Still, the scenario isn’t uncommon. There are still lots of small businesses, with only single locations and still lots of tapes out there. But now, there is more data and more urgency for that data to be recovered as quickly as possible with as little loss as possible. And there are still only 24 hours in the day. How annoying to arrive at work in the morning, only to find the overnight backup job still running.

As I moved through jobs and technologies evolved, we addressed the growing data and lack of time in many ways… Adjusting backup jobs to capture less critical or infrequently changing data only over the weekends. More jobs that only captured delta changes. Fancier multiple-tape changers, higher density tapes, local “disk to disk” backups that were later moved to tape, even early “Internet” backup solutions, often offered by the same companies that handled your physical tape and box rotation services.

We also chased that holy-grail of “uptime”. Failures weren’t supposed to happen if you threw enough hardware in a room. Dual power supplies, redundant disk arrays, multiple disk controllers, UPS systems with various bypass offerings. Add more layers to protect the computers, the data.

Testing was something we wanted to do more often. But it was hard justify additional hardware purchases to upper management. Hard to find the time to set up a comprehensive test. But we tried and often failed. And learned. Because each test or real outage is a great opportunity to learn. Outages are often perfect storms… if only we had swapped out that dying drive a day before, if only that piece of hardware was better labeled, if only that was better documented… and each time we made improvements.

I remember, after a lengthy call with a co-location facility that wanted us to sign a year agreement even though we only wanted space for 3 months to run a recovery test, how I wished for something I could just use for the time I needed. It’s been a little over 5 years since that phone call, but finally there is an answer and it’s “the cloud”.

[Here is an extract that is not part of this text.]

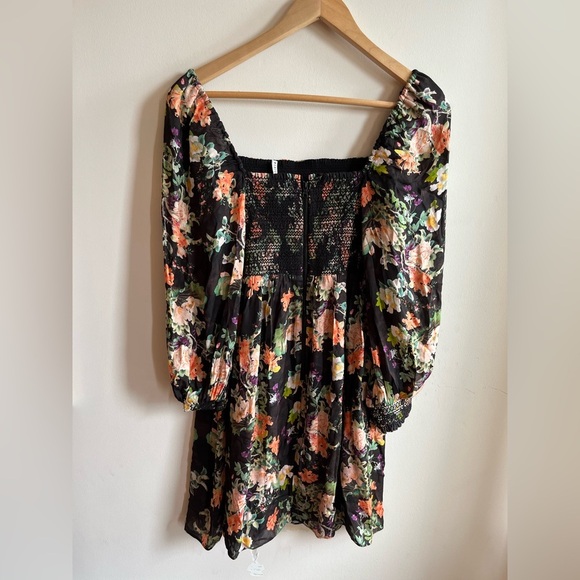 ALICE + OLIVIA Cooper Floral Smocked Minidress - Picture 10 of 12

Is there failure in the cloud? Of course, it’s inevitable. For all the abstractness, it’s still just running on hardware. But the cloud provides part of an answer that many businesses simply didn’t have even five years ago. Business that never recovered from the likes of Katrina and other natural or man-made disasters, might still have a shot today.

So catch a TechNet Tour if it passes through your area. Look at taking advantage of things like using the cloud as target instead of tape, or replicating a VM to Azure with Azure Site Recovery. Even starting to dabble in better documentation or scripting with PowerShell to make your key systems more consistently reproducible will go a long way. Do a “table top” dry run of your existing DR plan today.

Sysadmins don’t let other sysadmins drop DLT tapes in their bags. Let’s party like it’s 2015. Because it is.